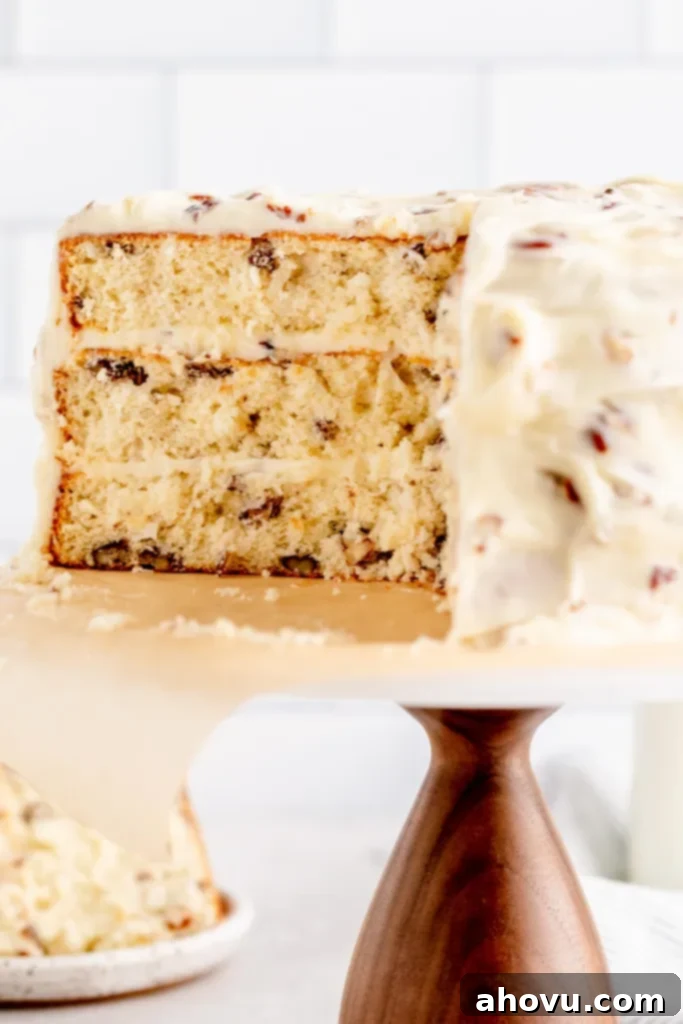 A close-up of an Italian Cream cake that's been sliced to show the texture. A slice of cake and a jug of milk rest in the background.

---

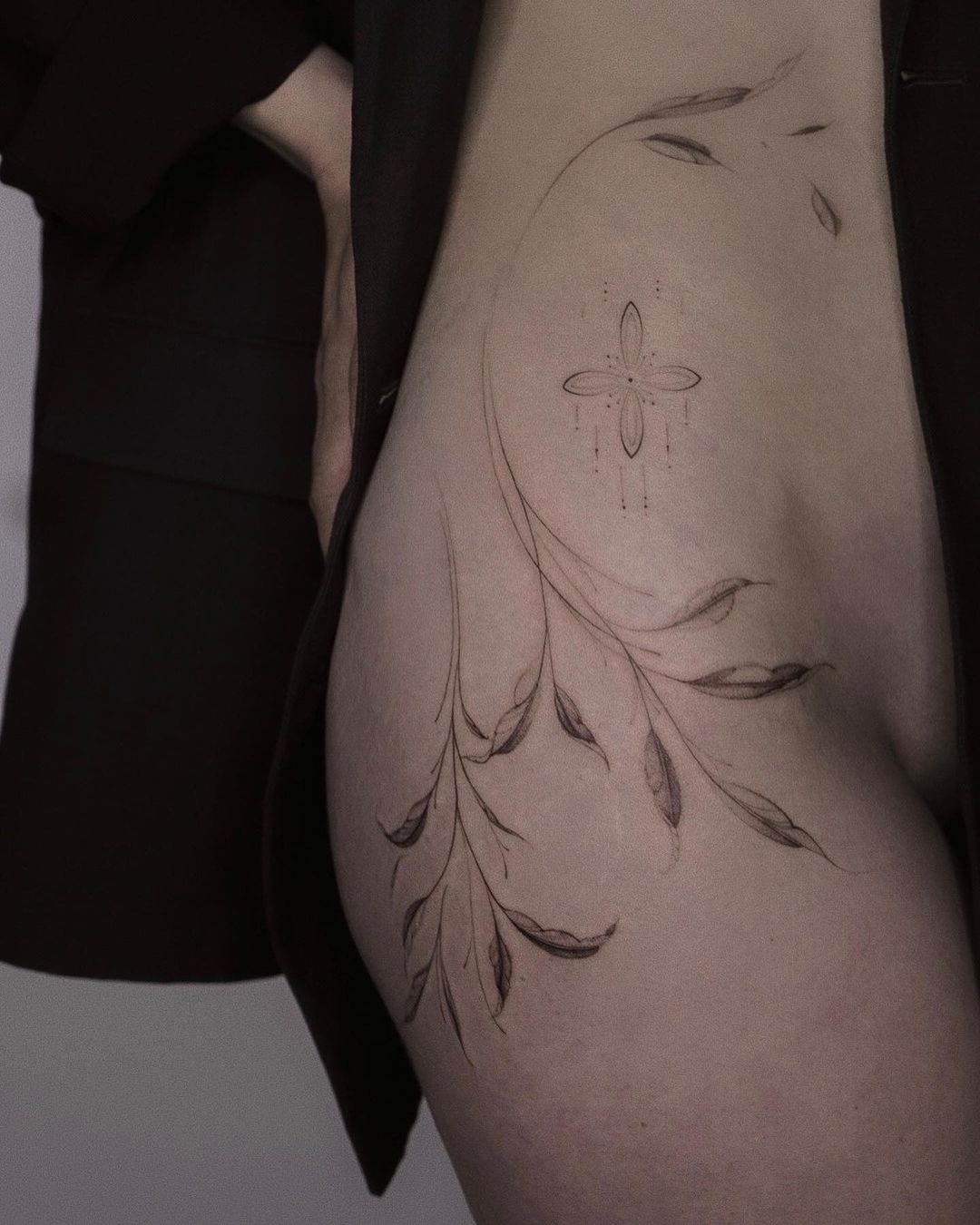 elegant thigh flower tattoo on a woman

--

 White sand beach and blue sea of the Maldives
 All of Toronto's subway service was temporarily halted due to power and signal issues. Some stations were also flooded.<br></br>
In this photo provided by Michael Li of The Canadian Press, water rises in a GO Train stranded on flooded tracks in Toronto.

*PROBLEM DESCRIPTION*. Each line above that includes the word "Toronto" is to be copied.

*EXERCISE ANSWER*.
 All of Toronto's subway service was temporarily halted due to power and signal issues. Some stations were also flooded.<br></br>
In this photo provided by Michael Li of The Canadian Press, water rises in a GO Train stranded on flooded tracks in Toronto.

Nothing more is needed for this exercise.